What is expected:
How does the data below read from its first line through the line containing "Easter Bunny Name Applique T-shirt"? Print those lines exactly.

Source material:
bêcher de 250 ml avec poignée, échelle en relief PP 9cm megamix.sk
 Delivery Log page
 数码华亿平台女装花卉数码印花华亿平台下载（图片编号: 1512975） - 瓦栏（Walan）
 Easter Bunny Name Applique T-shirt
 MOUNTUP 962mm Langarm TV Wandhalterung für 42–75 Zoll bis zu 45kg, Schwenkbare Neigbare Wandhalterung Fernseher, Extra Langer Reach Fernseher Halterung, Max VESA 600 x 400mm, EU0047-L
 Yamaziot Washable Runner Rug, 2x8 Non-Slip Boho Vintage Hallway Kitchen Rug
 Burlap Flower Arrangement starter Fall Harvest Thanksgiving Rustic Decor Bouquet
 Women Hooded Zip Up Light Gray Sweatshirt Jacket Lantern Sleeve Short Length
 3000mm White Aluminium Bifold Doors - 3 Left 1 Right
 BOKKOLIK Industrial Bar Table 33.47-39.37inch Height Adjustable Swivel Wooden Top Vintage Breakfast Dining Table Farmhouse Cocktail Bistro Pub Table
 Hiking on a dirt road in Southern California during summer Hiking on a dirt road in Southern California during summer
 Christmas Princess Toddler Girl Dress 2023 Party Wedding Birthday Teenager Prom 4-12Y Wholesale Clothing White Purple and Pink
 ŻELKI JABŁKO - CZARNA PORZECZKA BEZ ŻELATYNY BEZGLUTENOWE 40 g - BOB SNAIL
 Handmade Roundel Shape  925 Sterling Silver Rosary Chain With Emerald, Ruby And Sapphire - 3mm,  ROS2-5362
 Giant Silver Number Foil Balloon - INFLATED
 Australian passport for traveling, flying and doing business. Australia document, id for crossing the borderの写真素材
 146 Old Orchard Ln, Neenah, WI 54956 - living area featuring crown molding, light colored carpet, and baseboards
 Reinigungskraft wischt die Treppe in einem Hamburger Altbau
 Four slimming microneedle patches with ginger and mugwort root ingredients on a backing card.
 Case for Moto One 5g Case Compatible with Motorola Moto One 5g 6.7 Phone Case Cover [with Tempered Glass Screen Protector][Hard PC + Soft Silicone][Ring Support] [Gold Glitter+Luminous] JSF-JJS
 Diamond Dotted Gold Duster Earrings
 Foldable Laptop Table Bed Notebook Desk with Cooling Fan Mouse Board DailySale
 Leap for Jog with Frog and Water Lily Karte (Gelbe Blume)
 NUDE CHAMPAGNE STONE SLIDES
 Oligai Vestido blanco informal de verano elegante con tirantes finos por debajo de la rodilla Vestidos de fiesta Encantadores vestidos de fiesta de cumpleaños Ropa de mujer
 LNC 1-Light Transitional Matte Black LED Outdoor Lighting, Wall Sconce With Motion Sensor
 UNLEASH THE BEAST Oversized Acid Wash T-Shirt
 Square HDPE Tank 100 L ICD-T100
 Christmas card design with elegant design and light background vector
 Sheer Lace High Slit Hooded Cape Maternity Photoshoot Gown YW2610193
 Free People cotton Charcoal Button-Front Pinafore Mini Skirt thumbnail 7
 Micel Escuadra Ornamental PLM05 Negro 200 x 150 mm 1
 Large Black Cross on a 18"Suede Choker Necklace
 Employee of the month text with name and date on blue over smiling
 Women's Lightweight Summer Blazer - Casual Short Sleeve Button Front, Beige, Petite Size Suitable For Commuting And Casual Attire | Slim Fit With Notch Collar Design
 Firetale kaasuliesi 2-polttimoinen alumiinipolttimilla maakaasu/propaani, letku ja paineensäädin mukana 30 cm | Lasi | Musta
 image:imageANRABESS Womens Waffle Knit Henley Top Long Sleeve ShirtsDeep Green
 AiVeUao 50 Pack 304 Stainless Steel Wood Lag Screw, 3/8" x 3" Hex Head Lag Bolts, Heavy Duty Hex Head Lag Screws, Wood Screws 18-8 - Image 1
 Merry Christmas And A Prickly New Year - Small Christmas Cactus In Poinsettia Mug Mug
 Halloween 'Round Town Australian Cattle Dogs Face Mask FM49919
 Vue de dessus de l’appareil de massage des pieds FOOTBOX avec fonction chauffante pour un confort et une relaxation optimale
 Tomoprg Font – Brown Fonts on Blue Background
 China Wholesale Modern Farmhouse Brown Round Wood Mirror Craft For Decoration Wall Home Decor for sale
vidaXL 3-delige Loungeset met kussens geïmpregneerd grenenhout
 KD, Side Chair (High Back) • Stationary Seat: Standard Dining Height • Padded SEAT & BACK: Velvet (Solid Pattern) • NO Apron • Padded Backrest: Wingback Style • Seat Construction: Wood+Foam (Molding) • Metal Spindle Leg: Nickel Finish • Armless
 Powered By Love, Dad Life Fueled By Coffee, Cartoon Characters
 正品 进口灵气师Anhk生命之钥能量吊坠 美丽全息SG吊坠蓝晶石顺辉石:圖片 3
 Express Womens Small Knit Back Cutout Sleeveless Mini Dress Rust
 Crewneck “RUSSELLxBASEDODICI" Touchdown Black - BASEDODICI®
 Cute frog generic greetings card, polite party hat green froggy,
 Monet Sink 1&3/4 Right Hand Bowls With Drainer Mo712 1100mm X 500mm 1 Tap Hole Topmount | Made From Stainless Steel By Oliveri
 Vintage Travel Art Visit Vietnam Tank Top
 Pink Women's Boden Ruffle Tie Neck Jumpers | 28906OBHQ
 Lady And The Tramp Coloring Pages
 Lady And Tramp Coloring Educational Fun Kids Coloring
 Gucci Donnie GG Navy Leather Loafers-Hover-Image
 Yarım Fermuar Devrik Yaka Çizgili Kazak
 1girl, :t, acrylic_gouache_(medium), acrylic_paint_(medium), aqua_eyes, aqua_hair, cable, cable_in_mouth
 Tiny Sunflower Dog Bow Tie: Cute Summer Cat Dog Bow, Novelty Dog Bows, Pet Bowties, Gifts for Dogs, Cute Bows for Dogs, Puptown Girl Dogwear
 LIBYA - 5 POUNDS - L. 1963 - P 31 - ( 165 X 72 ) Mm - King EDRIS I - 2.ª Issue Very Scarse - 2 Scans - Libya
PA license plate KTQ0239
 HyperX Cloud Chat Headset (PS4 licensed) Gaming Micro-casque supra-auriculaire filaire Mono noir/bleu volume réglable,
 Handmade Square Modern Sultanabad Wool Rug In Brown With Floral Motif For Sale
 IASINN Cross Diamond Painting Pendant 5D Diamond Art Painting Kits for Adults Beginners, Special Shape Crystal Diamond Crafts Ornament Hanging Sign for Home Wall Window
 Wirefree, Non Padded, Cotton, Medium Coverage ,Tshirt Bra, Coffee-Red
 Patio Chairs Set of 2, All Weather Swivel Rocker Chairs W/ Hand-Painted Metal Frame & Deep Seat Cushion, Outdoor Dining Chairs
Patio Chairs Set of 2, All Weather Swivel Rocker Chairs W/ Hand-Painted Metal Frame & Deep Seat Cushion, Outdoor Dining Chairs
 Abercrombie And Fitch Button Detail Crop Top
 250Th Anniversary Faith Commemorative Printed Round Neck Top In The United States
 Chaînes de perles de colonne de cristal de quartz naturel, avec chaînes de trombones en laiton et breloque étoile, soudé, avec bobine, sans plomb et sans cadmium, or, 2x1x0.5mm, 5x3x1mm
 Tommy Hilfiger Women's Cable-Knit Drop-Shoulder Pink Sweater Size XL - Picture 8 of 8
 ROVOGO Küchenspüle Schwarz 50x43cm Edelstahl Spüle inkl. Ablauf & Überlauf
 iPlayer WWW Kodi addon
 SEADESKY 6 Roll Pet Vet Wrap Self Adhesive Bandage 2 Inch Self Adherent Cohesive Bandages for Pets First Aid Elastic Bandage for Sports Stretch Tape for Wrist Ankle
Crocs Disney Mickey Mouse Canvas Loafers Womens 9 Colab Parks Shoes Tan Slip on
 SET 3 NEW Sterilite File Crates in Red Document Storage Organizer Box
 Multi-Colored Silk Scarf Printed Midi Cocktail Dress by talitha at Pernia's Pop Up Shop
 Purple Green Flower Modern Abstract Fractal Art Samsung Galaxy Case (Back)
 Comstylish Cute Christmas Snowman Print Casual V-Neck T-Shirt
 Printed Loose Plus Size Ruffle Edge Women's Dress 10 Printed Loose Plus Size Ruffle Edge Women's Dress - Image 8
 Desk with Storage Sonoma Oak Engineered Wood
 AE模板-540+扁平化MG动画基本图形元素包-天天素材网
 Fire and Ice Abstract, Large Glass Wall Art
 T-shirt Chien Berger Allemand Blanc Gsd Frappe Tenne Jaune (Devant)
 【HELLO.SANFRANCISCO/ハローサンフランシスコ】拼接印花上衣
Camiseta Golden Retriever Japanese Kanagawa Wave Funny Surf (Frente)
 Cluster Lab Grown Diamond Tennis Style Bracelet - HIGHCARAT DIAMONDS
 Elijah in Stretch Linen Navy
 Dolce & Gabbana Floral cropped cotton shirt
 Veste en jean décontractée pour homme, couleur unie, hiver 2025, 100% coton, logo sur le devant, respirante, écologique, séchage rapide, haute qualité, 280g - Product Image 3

Solution for this exercise:
bêcher de 250 ml avec poignée, échelle en relief PP 9cm megamix.sk
 Delivery Log page
 数码华亿平台女装花卉数码印花华亿平台下载（图片编号: 1512975） - 瓦栏（Walan）
 Easter Bunny Name Applique T-shirt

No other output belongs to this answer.